His father became a homeopathic physician in 1891. His only surviving sister, Helen became a nurse.

He lived during his childhood at 1212 Wayne Street, Dayton, Ohio. Ellis served in U.S. Army in the Spanish–American War (1898).

==Personal life==
James G. Ellis was married three times. He first married Edna Lenore Roberts (1884–1987) in Merced County, California, November 27, 1902. They had two daughters. Edna and James lived in Los Banos, California in 1903.

Sometime between January 7, 1920, and 1930, James G. Ellis married Anna G. Long (born 1876).

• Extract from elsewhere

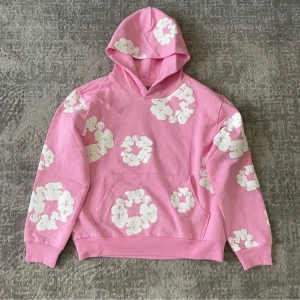 Rosa hoodie med vita blommor - Säljer en rosa hoodie med vita blommönster över hela tröjan. Tröjan har huva, magficka och långa ärmar. Perfekt för dig som gillar färg och vill sticka ut lite extra finns slla storlekar.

When Ellis died in 1966, he was survived by this third wife, Phyllis Ellis, who was a music teacher. At the time of his death he lived in Los Angeles.

== Career ==

=== Silent film theaters ===
Ellis started out as a silent film theater entrepreneur in Utah Ellis had managed and controlled 3 movie theaters from 1909 to 1910, then sold them to individuals, including W.W. Hodkinson, who four years later was the founding president of Paramount Pictures.

Ellis and his father, who had been working at the Joie Theater in Ogden, purchased the Globe Theater in Ogden on October 1, 1909. Ellis, as the new manager of the Globe, installed a stage in late November 1909 for the inclusion of vaudeville acts for movie audiences. Ellis then moved his family from Ogden to Brigham, Utah, leaving the management of the Joie Theater to his father.

In July 1909, Ellis, with at least one other partner, acquired Dreamland Theatre, located 2410 Washington Avenue, and renamed it the Joie Theater. Ellis, who had been profitable in the venture, sold his interest on December 28, 1909, to Harry Ambrose Sims (1864–1921), William Wadsworth Hodkinson (1881–1971), Albert Scowcroft (1871–1918), and Charles Alexander Ziemer (1864–1929). Ellis and his wife then moved to Salt Lake City.

On March 22, 1910, Ellis filed articles of incorporation in Salt Lake County for the Ellis Theater Company, taking over the Joy theater in Brigham, the Orpheum in Park City and the Luna in Springville. The officers were James G. Ellis, president; Max M. Florence (1865–1932), vice president; John Alphonso Rugar (1883–1970), secretary, treasurer; and Soren X. Christensen (1866–1942) and Louis B. Marcus (1880–1936) as additional directors.

On May 5, 1910, Max M. Florence (1865–1932) and Joseph Falsette (born 1880) purchased outright the Ellis Theater Company and changed the name to Florence Theater Company.

===Composer, lyricist, and music publisher===

Ellis, as a popular songwriter in Chicago from 1910 to 1920, had some minor hits that include "The Tale the Tear Drop Told" and "I Am Dreaming Of My Irish Rose". As a music publisher during that same period, Ellis published his own compositions, as well as those of others, including works by Roger A. Graham and Harry L. Alford. Ellis had been a principal partner in five Chicago firms from 1913 to about 1920: (i) The Ellis & Armitage Music Publishing Company, (ii) Ellis & Co., (iiii) Craig-Ellis & Co., (iv) Acme Music Publishers, and (v) Phenix Music Publishers.

As a songwriter of sacred music, beginning around 1917, he became an exponent of Christian Science and, around 1920, became a Christian Science practitioner. Some of his sacred works endure today, particularly within Church of Christ (Science) congregations, including "Transfiguration", "Leave It With Him", "Rejoice, My Son, Rejoice", and "Love, Thrill My Heart". Sometime between 1920 and 1930, Ellis moved to California.

Ellis published the works of Roger A. Graham and Harry L. Alford.